■ Work request: I'd like the full listing transcribed exactly, with no images included.

■ Supplied material:
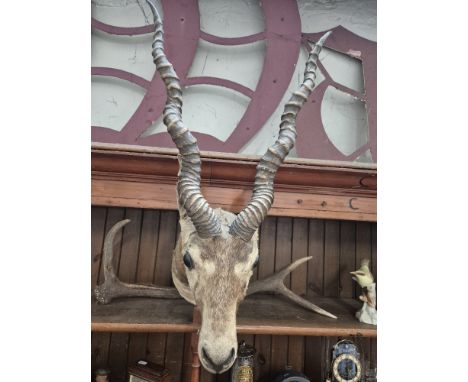 A taxidermy blackbuck head. 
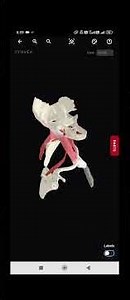 TCML Anatomy 3D models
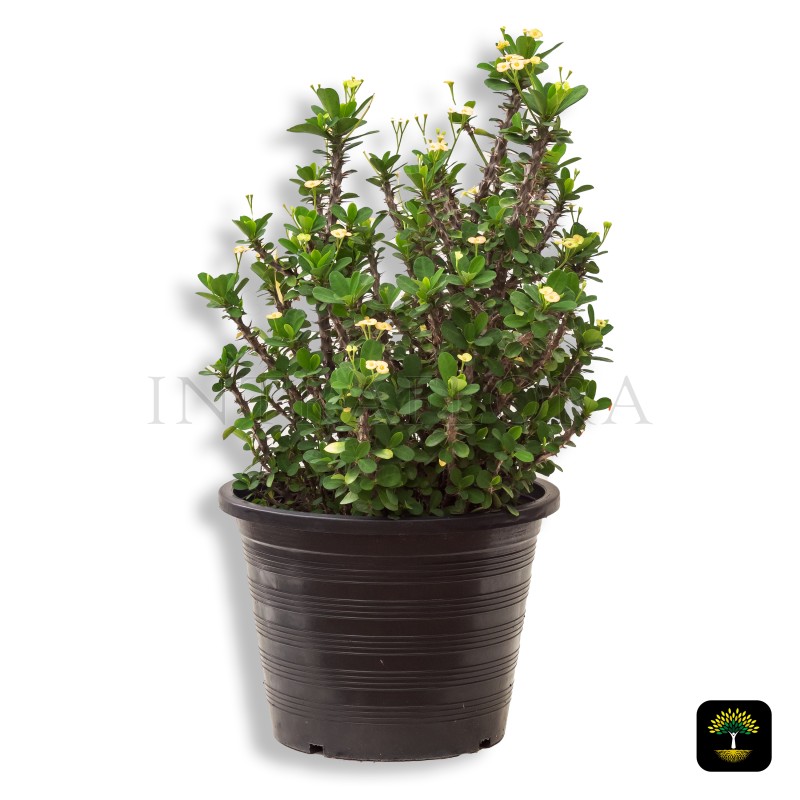 Euphorbia Milii Yellow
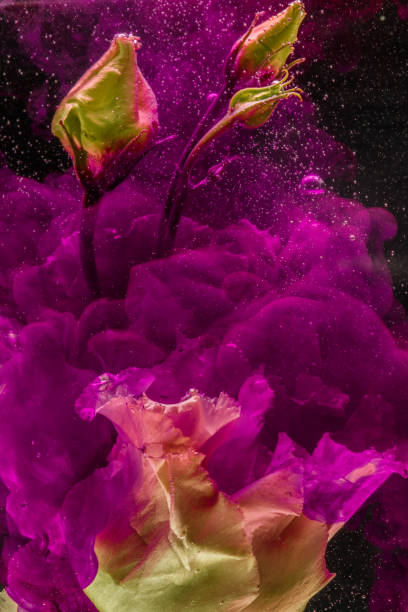 istock Flower in colourful water 1143782171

■ Task result:
 A taxidermy blackbuck head. 
 TCML Anatomy 3D models
 Euphorbia Milii Yellow
 istock Flower in colourful water 1143782171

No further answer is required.